Put in different terms, domestic economy is still falling, with no stabilisation in sight.
Next: external trade and GDP & GNP series:
Exports of goods and services - the only part of the economy that was booming (+15.94% in H1 2013 on H1 2007 and +5.44% on H1 2011) are hitting some bumps. H1 2013 posted a decline in total exports of 0.67% y/y. Meanwhile, imports of goods and services were up 0.08% y/y. As the result of this, our trade balance fell 2.32% y/y in Q2 2013 and is down 3.15% y/y for H1 2013. This is not good, as key Exchequer projections and debt sustainability analysis require healthy growth in trade surplus, not a decline. But more on this below…
GDP at current prices fell 1.49% in H1 2013 compared to H1 2012 and is down 0.28% on H1 2011 and down 15.26% on H1 2007. Recall that our real GDP fell 1.10% y/y in H1 2013. In other words, there is no growth in actual underlying activity. This is pretty bad. Actual euro notes we have in the economy's 'pockets' at the end of H1 2013 (as imperfectly measured by GDP) were fewer than at the end of H1 2012 and H1 2011. And these fewer euros were not worth more, either. I wouldn't call this 'stabilisation'.
Net factor income outflows abroad are falling as well and I commented on these in the previous posts.
GNP expressed in current market prices is 2.32% ahead in H1 2013 compared to H1 2012 and 2.92% ahead of H1 2011. This is good news, especially since GNP is a more accurate reflection of our real economy's output (also rather imperfect) than GDP. Not so good news: GNP is still down 17.53% on H1 2007.
Chart below drills into the composition of our external trade:
The above clearly shows the massive swing of our external trade activities from goods sectors to services sectors. And on imports of goods side it shows the legacy of the consumption bust, which remains one of the two largest drivers for improved external trade statistics we see on national accounts.
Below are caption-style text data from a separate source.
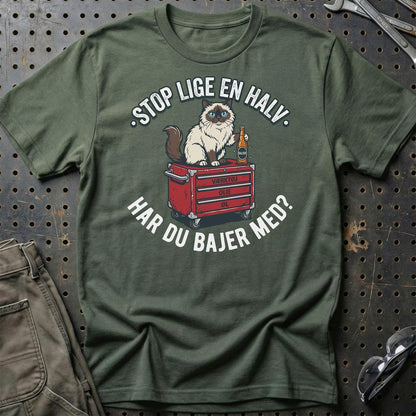 Stop Lige En Halv Har Du Bajer Med? Sjov Garage Kat - Unisex T-Shirt , Bomuld-Beklædning-Garage Culture-Grøn Militær-S-Garage Culture Shop- garage - man cave - merchandise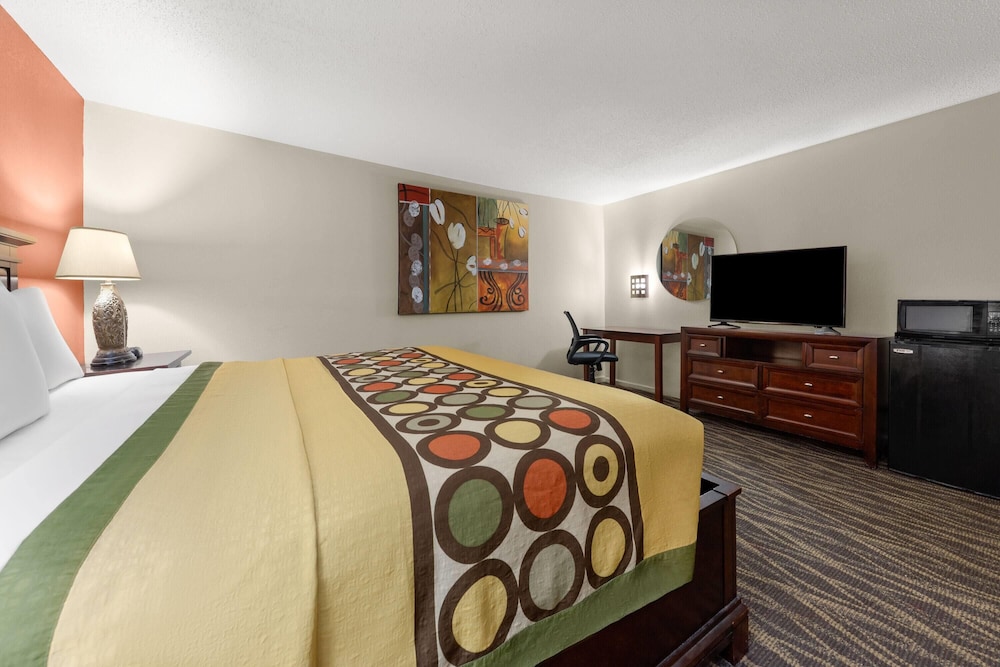 Super 8 by Wyndham New Orleans 20/43
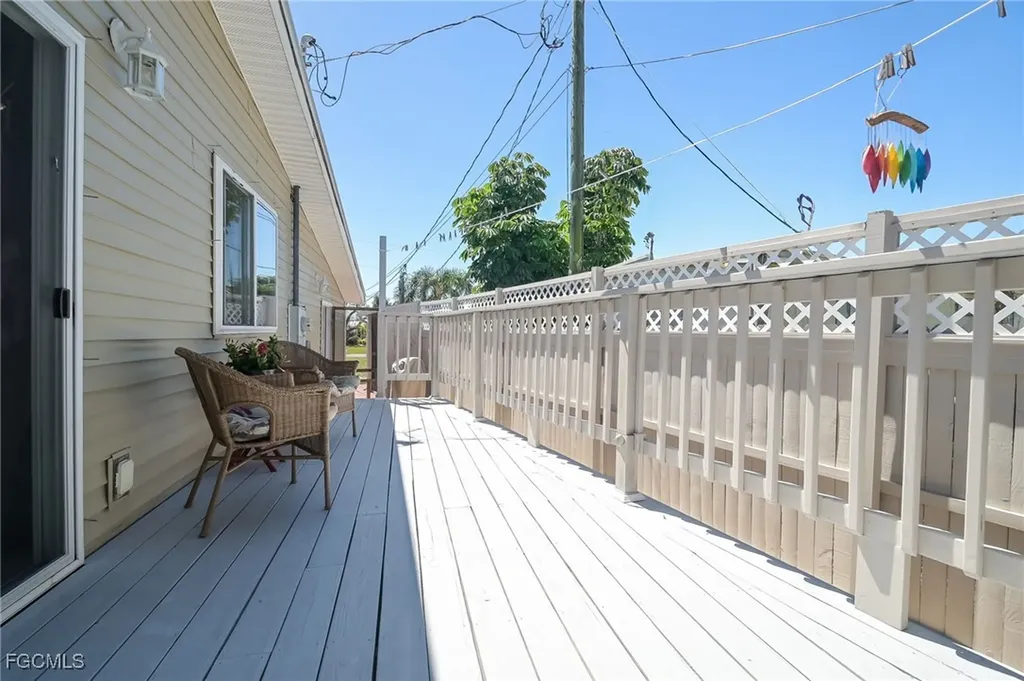 4828 Flamingo Drive St. James City FL 33956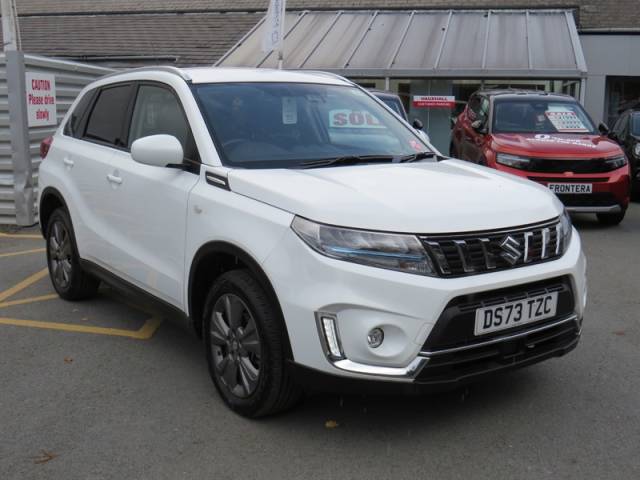 Suzuki Vitara 1.5 SZ-T SUV 5dr Petrol Hybrid AGS Auto Euro 6 (s/s) (115 ps) SUV Hybrid White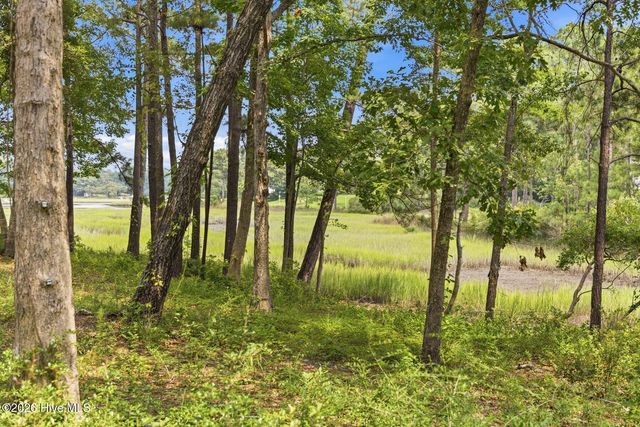 813 Gull Point Road, Wilmington, NC 28405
Finally, total domestic demand: the measure of the economy that covers all domestic activities of private and government consumption and investment combined, plus chafes in stocks.
As the above shows, domestic economy continues to suffer losses in activity: Total Domestic Demand fell 0.95% in H1 2013 compared to H1 2012 and is down 3.05% on H1 2011. Compared to H1 2007, Total Domestic Demand is down 27.41%.
Summary: Bad news: Despite improvements in real variables in Q2 2013, domestic economy continued to contract in H1 2013, with domestic demand down compared to H1 2012, driven by declines in Net Government Current Expenditure and in Gross Fixed Capital Formation. Good news is that decline in domestic demand was ameliorated by a marginal increase in Personal Expenditure on Goods and Services. On the bad news side, exports of goods and services fell in H1 2013 compared to H1 2012. These changes, together with domestic demand movements resulted in GDP falling in H1 2013 compared to H1 2012. Lower rate of profits repatriation out of Ireland by the MNCs has resulted in an increase in GNP in H1 2013 compared to H1 2012.
In simple terms, if Irish economy were a student asking for a report card for H1 2013, I don't think there would be much on it worth boasting about. Let's hope H2 2013 will be different for the better.